**Exercise details:**
Range to copy from the entries below: the line containing "Tiên Tử Tha Mạng Chương 12 Ảnh 8" through the line containing "Charlotte, FL 33953", inclusive. Retype only those lines, exactly, without any images.

**Records for this task:**
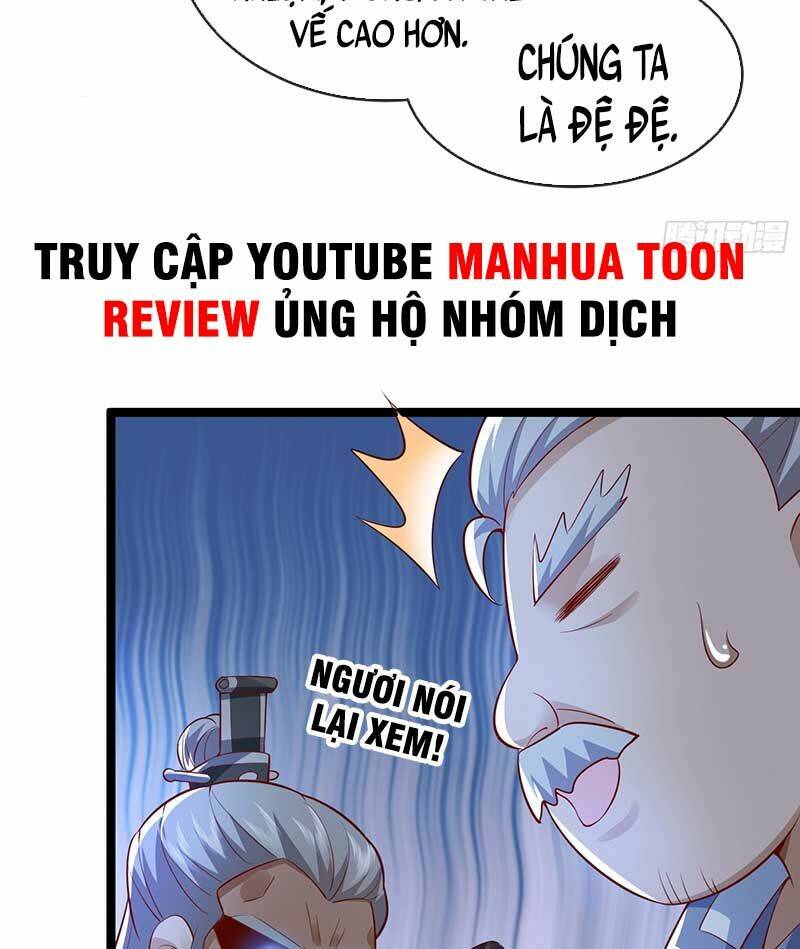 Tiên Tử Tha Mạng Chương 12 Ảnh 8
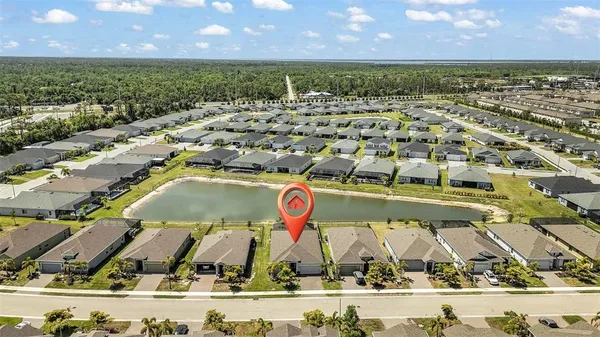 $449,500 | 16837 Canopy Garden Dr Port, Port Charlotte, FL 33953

---

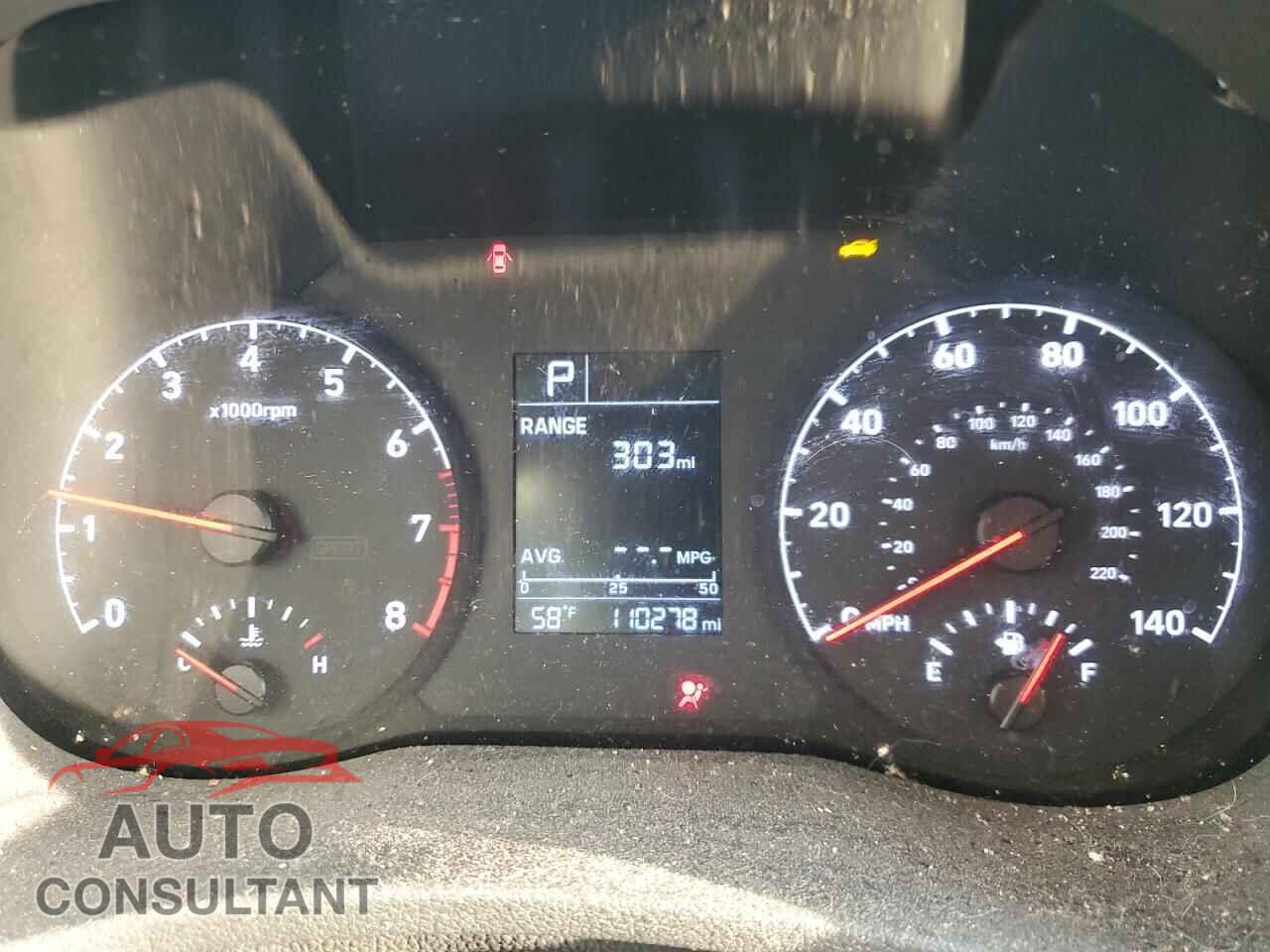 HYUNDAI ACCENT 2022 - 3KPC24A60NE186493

--

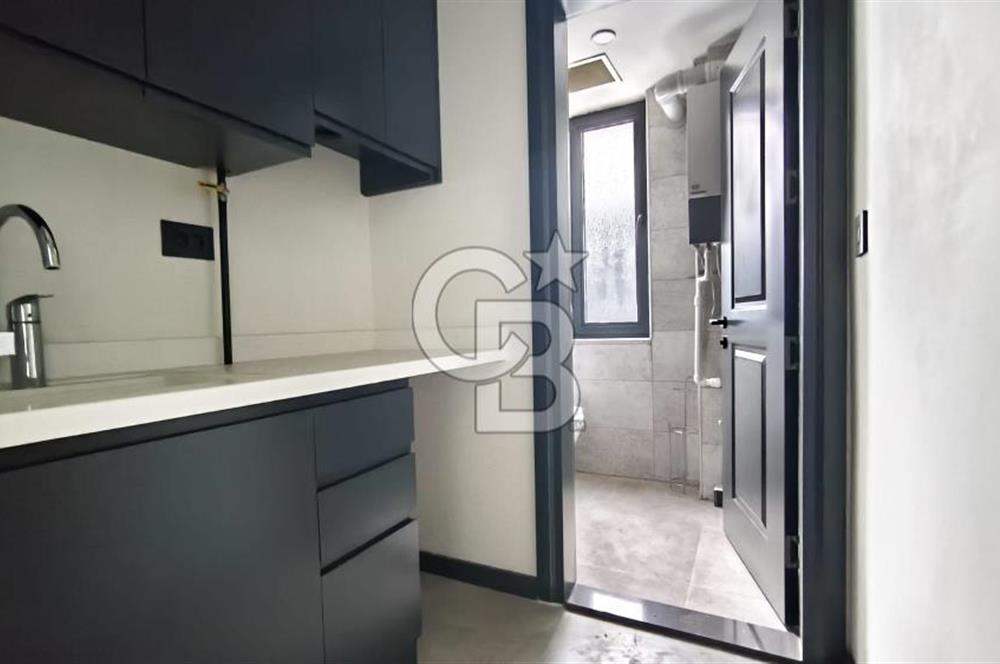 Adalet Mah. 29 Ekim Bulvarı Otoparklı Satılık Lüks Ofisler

**Solution to this problem:**
 Tiên Tử Tha Mạng Chương 12 Ảnh 8
 $449,500 | 16837 Canopy Garden Dr Port, Port Charlotte, FL 33953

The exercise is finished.